Si ladite Ong envisage de développer, sensibiliser les communautés, et promouvoir le patrimoine culturel, entre autres, elle souhaite surtout « mettre en lumière toutes ces ethnies en voie de disparition afin de faire connaître au monde qu’il existe des ethnies au Gabon dont les gens n’ont pas souvent l’information », indique son Coordonateur  général et fondateur, Rodriguez Mouckandza Nzai. 

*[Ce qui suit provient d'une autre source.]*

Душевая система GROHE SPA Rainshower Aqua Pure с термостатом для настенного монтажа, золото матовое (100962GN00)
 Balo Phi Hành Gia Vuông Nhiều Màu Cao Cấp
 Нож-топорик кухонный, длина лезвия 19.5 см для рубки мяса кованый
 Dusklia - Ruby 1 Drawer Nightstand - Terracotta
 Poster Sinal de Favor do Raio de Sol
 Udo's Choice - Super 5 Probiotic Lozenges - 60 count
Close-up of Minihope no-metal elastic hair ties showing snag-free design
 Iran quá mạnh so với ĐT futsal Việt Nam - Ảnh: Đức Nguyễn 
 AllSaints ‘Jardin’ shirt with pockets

Au Gabon, on dénombre une cinquantaine d’ethnies. Plusieurs d’entre elles sont en voie de disparition ou pas suffisamment représentées. On notera entre autres, les Shaké (ou Saké), les Samaï (dans l’Ogooué Ivindo ), les Bavili (à ne pas confondre avec les Vili), les Evéa, les Kota-Kota, les Simba, toutes des ethnies dites « minoritaires »  et qui ont parfois tendance à « s’exclure elles-mêmes en se réfugiant sous les ethnies majoritaires », a souligné Rodriguez Mouckandza Nzai. 

Rappelons-le, le combat de l’Ong Omanda et son bureau, dont les membres appartiennent tous à des groupes ethniques pas suffisamment représentés est de promouvoir et valoriser les ethnies minoritaires du Gabon.